Suara.com - Gubernur DKI Jakarta Basuki Tjahaja Purnama (Ahok) menanti keberanian Wali Kota Jakarta Timur Bambang Musyawardana dan anggota Satuan Polisi Pamong Praja untuk menertibkan pemukiman kumuh di Kampung Pulo, Jakarta Timur.
"Tunggu saja nyalinya Satpol PP sama wali kota," kata Ahok di Balai Kota DKI Jakarta, Kamis (13/8/2015).
Sebelumnya, perwakilan pemerintah dan perwakilan warga Kampung Pulo sudah bertemu dan menyepakati pembongkaran bangunan. Warga bersedia direlokasi ke rumah susun.
"Sekarang terlalu banyak kelompok (perwakilan masyarakat di Kampung Pulo). Makanya saya mau bilang ke mereka. Jadi Presiden sama Gubernur DKI saja cuma butuh 50+1. Untuk soal pindahin orang tak ada undang-undang yang mengatur," kata Ahok belum lama ini.
Selama ini, proses relokasi warga ke rumah susun banyak menemui kendala, di antaranya masalah kompensasi.
"Saya sudah tegaskan sekarang yang 527 kavling kalau bukan tanahnya mereka hanya tinggal di rusun. Tidak ada ganti uang kerohiman apapun," ujarnya.
Ahok menawarkan pembayaran ganti rugi 1,5 kali dari harga beli kepada warga yang bersedia pindah ke rumah susun, meski Ahok tahu banyak warga yang sebenarnya tidak punya sertifikat tanah.

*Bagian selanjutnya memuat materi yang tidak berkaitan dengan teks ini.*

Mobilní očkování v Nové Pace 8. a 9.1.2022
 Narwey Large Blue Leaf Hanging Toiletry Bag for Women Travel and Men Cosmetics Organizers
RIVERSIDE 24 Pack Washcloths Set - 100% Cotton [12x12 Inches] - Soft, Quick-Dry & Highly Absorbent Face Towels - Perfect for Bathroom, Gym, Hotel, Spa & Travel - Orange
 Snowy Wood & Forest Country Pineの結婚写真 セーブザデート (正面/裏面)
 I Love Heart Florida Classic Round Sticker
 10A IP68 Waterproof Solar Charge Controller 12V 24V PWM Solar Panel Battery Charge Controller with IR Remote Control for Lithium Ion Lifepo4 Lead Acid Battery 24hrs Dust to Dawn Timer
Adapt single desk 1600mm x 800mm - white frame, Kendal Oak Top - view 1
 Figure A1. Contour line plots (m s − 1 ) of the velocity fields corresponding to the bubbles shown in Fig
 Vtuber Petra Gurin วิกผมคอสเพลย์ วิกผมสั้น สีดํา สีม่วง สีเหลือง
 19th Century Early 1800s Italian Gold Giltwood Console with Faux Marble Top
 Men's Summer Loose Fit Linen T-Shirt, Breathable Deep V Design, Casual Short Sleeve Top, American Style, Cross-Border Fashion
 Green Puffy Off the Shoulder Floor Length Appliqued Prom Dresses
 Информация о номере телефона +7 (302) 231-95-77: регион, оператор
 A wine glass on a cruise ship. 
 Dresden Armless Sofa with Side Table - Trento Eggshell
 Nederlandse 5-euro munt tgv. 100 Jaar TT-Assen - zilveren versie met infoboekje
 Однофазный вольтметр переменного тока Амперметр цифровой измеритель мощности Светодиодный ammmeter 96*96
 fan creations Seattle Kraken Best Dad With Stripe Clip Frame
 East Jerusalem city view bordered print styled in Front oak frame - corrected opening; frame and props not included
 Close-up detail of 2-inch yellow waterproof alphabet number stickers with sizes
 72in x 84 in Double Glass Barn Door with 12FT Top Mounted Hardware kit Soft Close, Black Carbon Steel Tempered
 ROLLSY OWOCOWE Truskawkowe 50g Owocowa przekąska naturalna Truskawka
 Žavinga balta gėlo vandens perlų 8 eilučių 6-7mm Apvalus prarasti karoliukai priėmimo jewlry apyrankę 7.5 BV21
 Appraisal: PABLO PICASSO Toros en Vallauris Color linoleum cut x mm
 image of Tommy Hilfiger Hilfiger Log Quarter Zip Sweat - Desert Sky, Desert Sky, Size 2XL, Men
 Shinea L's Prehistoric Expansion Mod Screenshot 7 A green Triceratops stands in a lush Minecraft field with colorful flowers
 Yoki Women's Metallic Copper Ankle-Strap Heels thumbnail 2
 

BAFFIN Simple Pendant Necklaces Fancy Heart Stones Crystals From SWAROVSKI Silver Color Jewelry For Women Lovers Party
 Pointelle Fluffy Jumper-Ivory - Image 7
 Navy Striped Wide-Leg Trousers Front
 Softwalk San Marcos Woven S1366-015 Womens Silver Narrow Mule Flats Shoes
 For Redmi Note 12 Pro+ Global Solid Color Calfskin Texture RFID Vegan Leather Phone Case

"Tapi dia ngotot punya sertifikat. (Saya bilang) mana sertifikatnya? Ini ada akta jual beli. Saya tunjukkan akta jual beli judulnya apa? Betul diketahui oleh lurah. Jadi tulisannya akta jual beli bangunan di atas lahan pemerintah," kata Ahok.
Tapi akhirnya jalan keluar atas permasalahan pembebasan lahan ditemukan.
"Warga Kampung Pulo, Ciliwung juga udah sepakat mereka mau bebas dari banjir. Tapi tentu adalah segelintir oknum yang mau memanfaatkan banjir. Kan kita udah sepakat janji kita mau tinggal di daerah (Jatinegara untuk sementara), kita bangunkan rusun deket situ. Itu kantor sudin bekas PU yang kita bongkar," jelas Ahok.